El Reda has since fled to the Middle East.
Over the years, the picture of the alleged international conspiracy behind the bombing and its cover-up has been filled out too by a series of declarations by another Iranian dissident and former intelligence agent, Abolghasem Mesbahi.
In a series of depositions, Mesbahi described how the plot to blow up the cultural center building was hatched in Tehran, and how the explosives were smuggled in from Brazil. The Iranian government has denied any role in the bombing, however, and many investigators here believe other countries may have been involved.
"We may learn one day the full truth about the cover-up," Verbitsky said. "But we may never know the full truth about how the bombing itself was carried out."
Jacoby believes officials in Menem's government told Galeano to set up the police officers in a bid to discredit the governor of Buenos Aires province, Eduardo Duhalde, Menem's most serious political rival.
"What started out as judicial incompetence became a conscious effort to cover up the case," Jacoby said.
Galeano was removed from the case in December 2003 after a journalist obtained and broadcast a videotape of the judge and Telleldin discussing the illegal payment.
Telleldin and his co-defendants were found not guilty on Sept. 2, 2004.

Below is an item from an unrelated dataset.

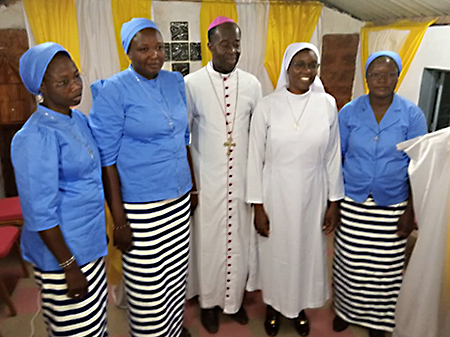 Pour la photo, autour de l'évêque du diocèse de Banfora, Mgr Lucas Sanou, rassemblement des soeurs en cheminement pour la future mission des soeurs Oblates de Béthanie en Afrique.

The verdict provoked widespread outrage in Argentina. Days after the verdict, hundreds of mostly Jewish friends and relatives of the victims marched through this capital decrying the "impunity" that had allowed the killers to escape. They demanded too that the government prosecute the judges and officials who they say bungled the case.
President Nestor Kirchner, who took office last year, has promised relatives of the victims that he will not allow the case to fall by the wayside.